Amnesty: emergenza, Israele lascia Gaza senz’acqua
Mentre gli insediamenti israeliani in Cisgiordania, che sono illegali, ricevono illimitate fornitura d’acqua, il governo di Tel Aviv chiude i rubinetti nella Striscia di Gaza, dove «la situazione, già disperata, è diventata insostenibile». La denuncia è firmata da Amnesty International: i 450.000 coloni israeliani, inclusi quelli di Gerusalemme Est, hanno più acqua dei 2,3 milioni di abitanti di Gaza. Secondo l’esercito israeliano, che mantiene il controllo sulla Cisgiordania, «si tratta di un rapporto unilaterale, pieno di denigrazioni infondate».
L’accusa di Amnesty si concentra sull’accesso alla falda acquifera montana che le due parti condividono e che si trova in gran parte in territorio palestinese occupato. Secondo l’organizzazione umanitaria internazionale, «Israele usa più dell’ 80 per cento della falda, che è la principale fonte d’acqua sotterranea in Israele e nel territorio occupato palestinese, mentre limita ai palestinesi l’accesso a un mero 20 per cento». Il consumo giornaliero pro capite di un israeliano è di 300 litri d’acqua, quello di un palestinese di 70 litri. In alcune comunità rurali palestinesi il consumo pro capite scende a 20 litri, il minimo stimato per uso domestico in situazioni di emergenza.
Tutt’altra la situazione nei floridi insediamenti israeliani, cresciuti in aperta violazione delle disposizioni dell’Onu. Tra i villaggi dei coloni abbondano «fattorie ad agricoltura intensiva, giardini lussureggianti e piscine». Inoltre, secondo Amnesty, i campi sono irrigati nelle ore più calde, quando maggiore è l’evaporazione, con grande spreco della risorsa idrica. Nella Striscia di Gaza, sempre secondo Amnesty, il 90-95% dell’acqua proviene «da una falda costiera, la cui acqua è contaminata e inadatta a uso umano».
Negli ultimi anni, Israele ha posto restrizioni all’ingresso a Gaza di materiali e impianti necessari a riparare e sviluppare le infrastrutture. Per questo, Amnesty chiede al governo di Tel Aviv di porre immediatamente fine alle sue «pratiche discriminatorie» e alle «restrizioni imposte ai palestinesi per l’accesso all’acqua». Secondo Donatella Rovera, ricercatrice di Amnesty, anche se l’acqua è una necessità fondamentale oltre che un diritto, «per molti palestinesi anche ottenerne in quantità scadenti, necessarie per la sopravvivenza, è divenuto un lusso che a malapena si possono permettere».

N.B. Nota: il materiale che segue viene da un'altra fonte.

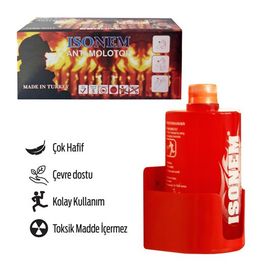 Isonem 850 gr Anti Molotof Atılabilir Tip Yangın Söndürücü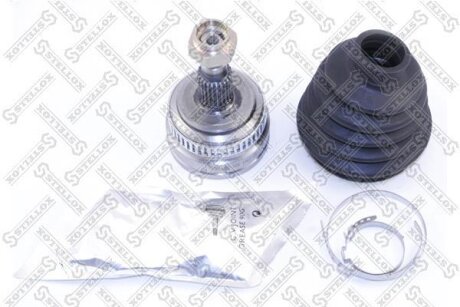 Шарнир равных угловых скоростей (ШРУС), наружный, комплект STELLOX 150 1367-SX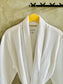 Women's Organic Waffle Weave Bath & Spa Robe (3 Colors)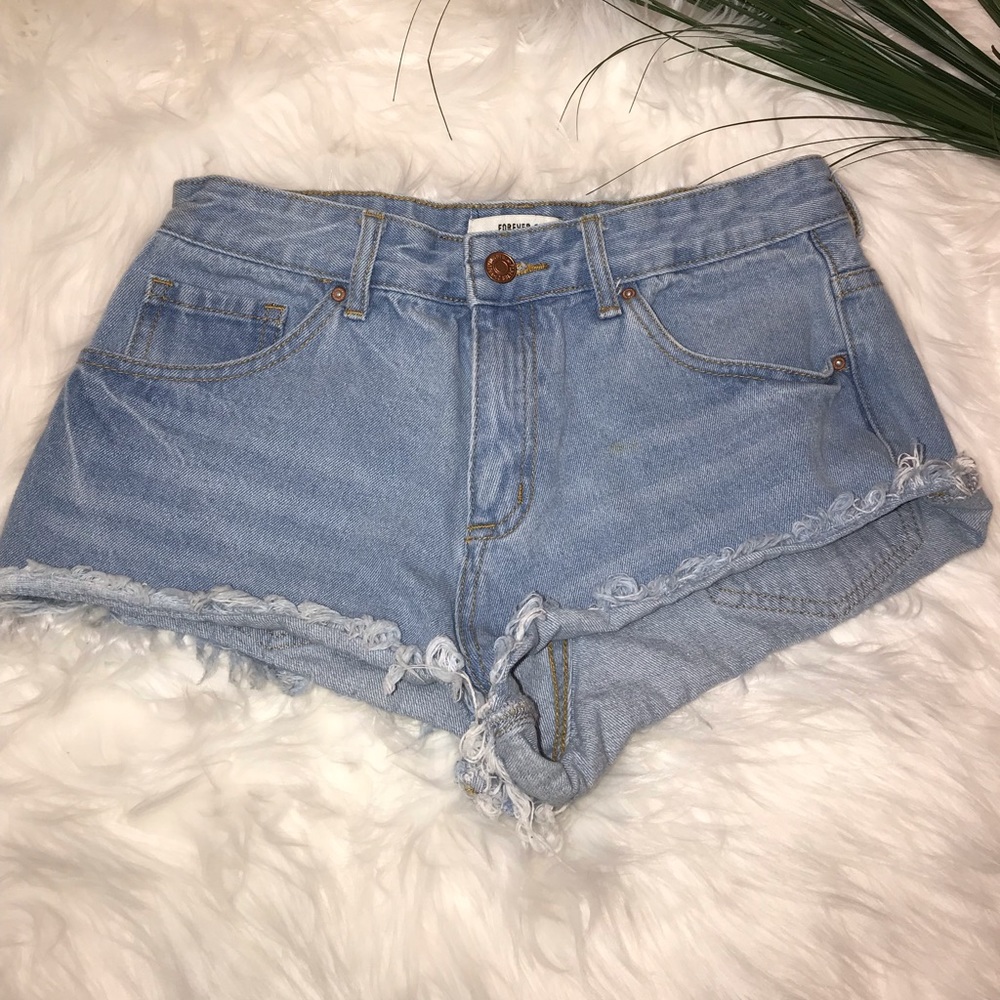 Forever 21 Jean Shorts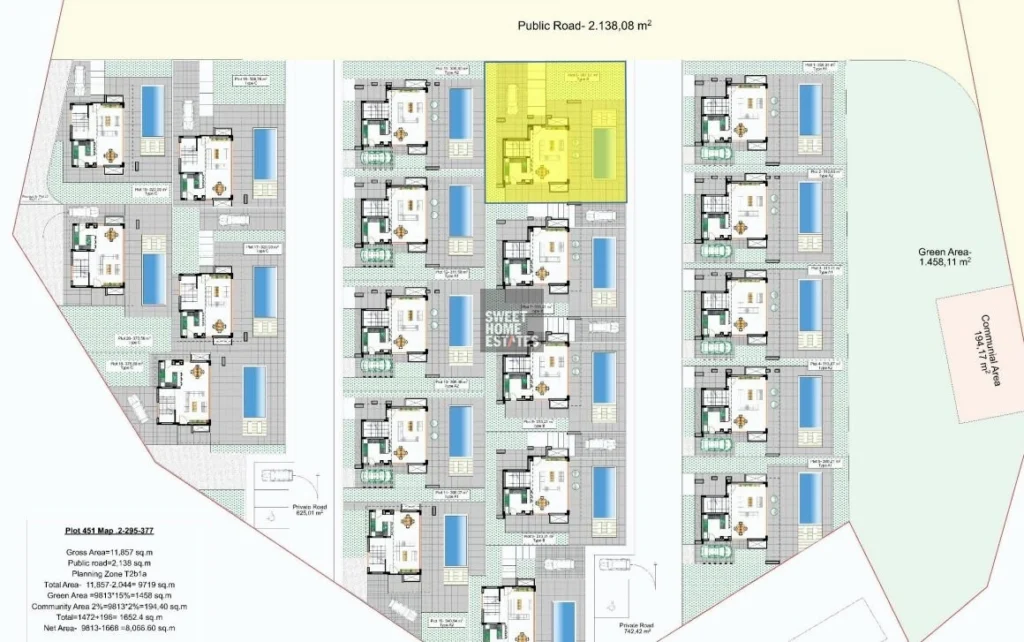 3 Bedroom House for Sale in Protaras, Famagusta District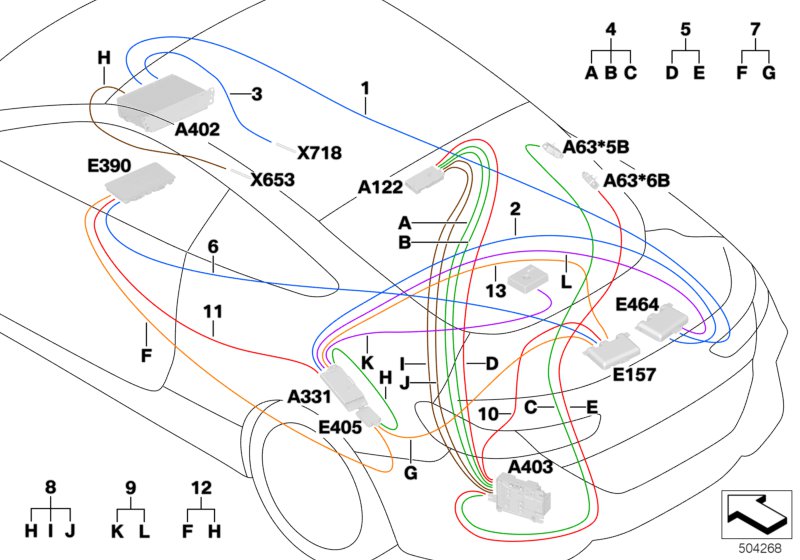 Genuine BMW 61118702374 G14 Repair Module Storage Wireless Charging (Inc. 840dX, 840iX & M850iX) | ML Performance EU EU Car Parts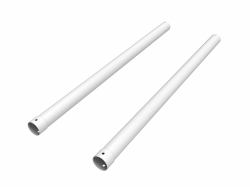 Multibrackets 5242 accesorio para montaje [ barra ] para proyector Columna de extensión Acero Blanco (Multibrackets M Extension poles Projec)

Indignata la reazione di Israele al rapporto fornito da Amnesty. Secondo l’Autorità israeliana per le risorse idriche, il consumo di acqua da parte dei palestinesi è «costantemente cresciuto» negli ultimi anni. Nel consumo di acqua, il divario fra israeliani e palestinesi esiste, ammette l’Autorità, «ma certo non nelle dimensioni descritte dal rapporto». Secondo l’esercito di Israele, inoltre, il dossier è stato redatto «senza che ad Israele sia stata fornita la possibilità di misurarsi con le accuse».
Se i militari assicurano che Israele «non lesina sforzi per prestare assistenza all’Autorità nazionale palestinese», tenuto conto che l’acqua resta una risorsa essenziale, il ministro per le infrastrutture Uzi Landau sostiene che il rapporto di Amnesty può essere paragonato a quello del giudice Richard Goldstone sui crimini di guerra commessi nell’operazione Piombo Fuso a Gaza: «Le loro conclusioni erano state stabilite in partenza, prima ancora del lavoro di ricerca».
GAZA, WATER - Amnesty International accuses Israel: ther’s no water for people in Gaza, beacause Tel Aviv controls the Palestinian sources.